TASK DETAILS: Set down the full listing exactly as given. Any pictures are to be left out.

[RECORDED DATA — start]

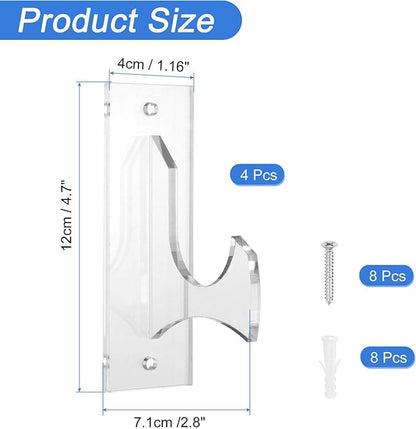 uxcell 4 Pcs Sword Holder Wall Mount Sword Racks Acrylic Wall Sword Display Hanger with Mounting Tools for Knife Martial Arts Sword Placement Display, Clear
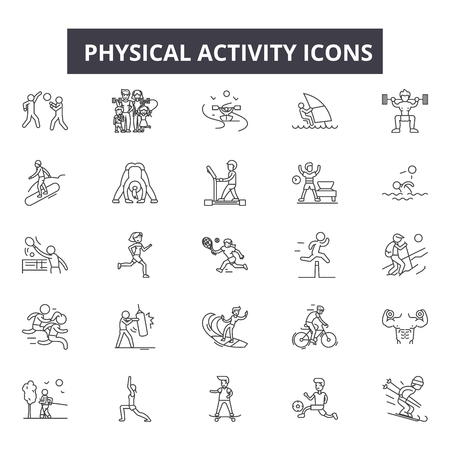 Physical activity line icons, signs set, vector. Physical activity outline concept illustration: physical,activity,exercise,sport,healthy,man,health,trainingのイラスト素材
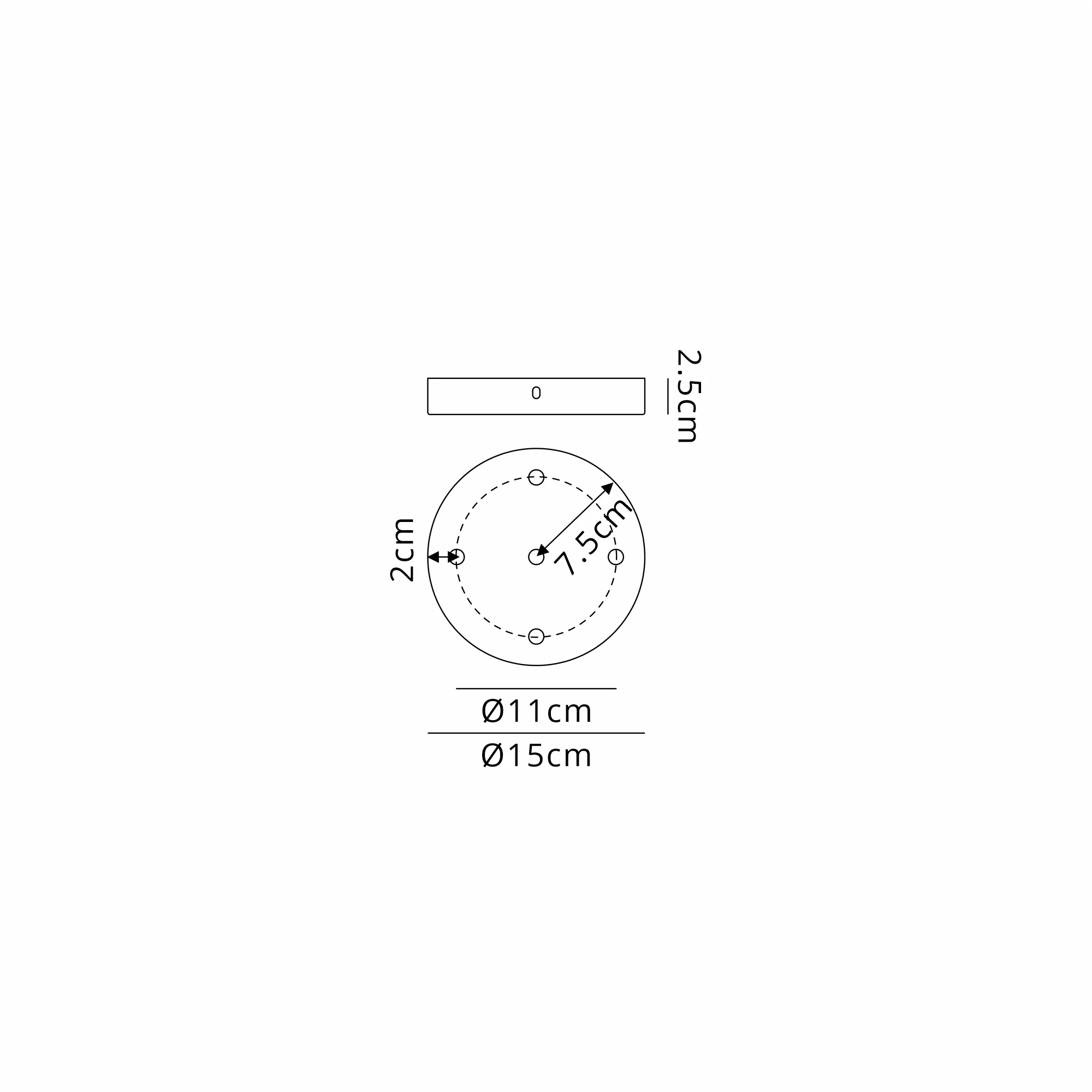 Hayes 5 Hole 15cm Round Ceiling Plate Satin Black D0828BL  Deco Hayes Black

[RECORDED DATA — finish]

ANSWER SPACE:
 uxcell 4 Pcs Sword Holder Wall Mount Sword Racks Acrylic Wall Sword Display Hanger with Mounting Tools for Knife Martial Arts Sword Placement Display, Clear
 Physical activity line icons, signs set, vector. Physical activity outline concept illustration: physical,activity,exercise,sport,healthy,man,health,trainingのイラスト素材
 Hayes 5 Hole 15cm Round Ceiling Plate Satin Black D0828BL  Deco Hayes Black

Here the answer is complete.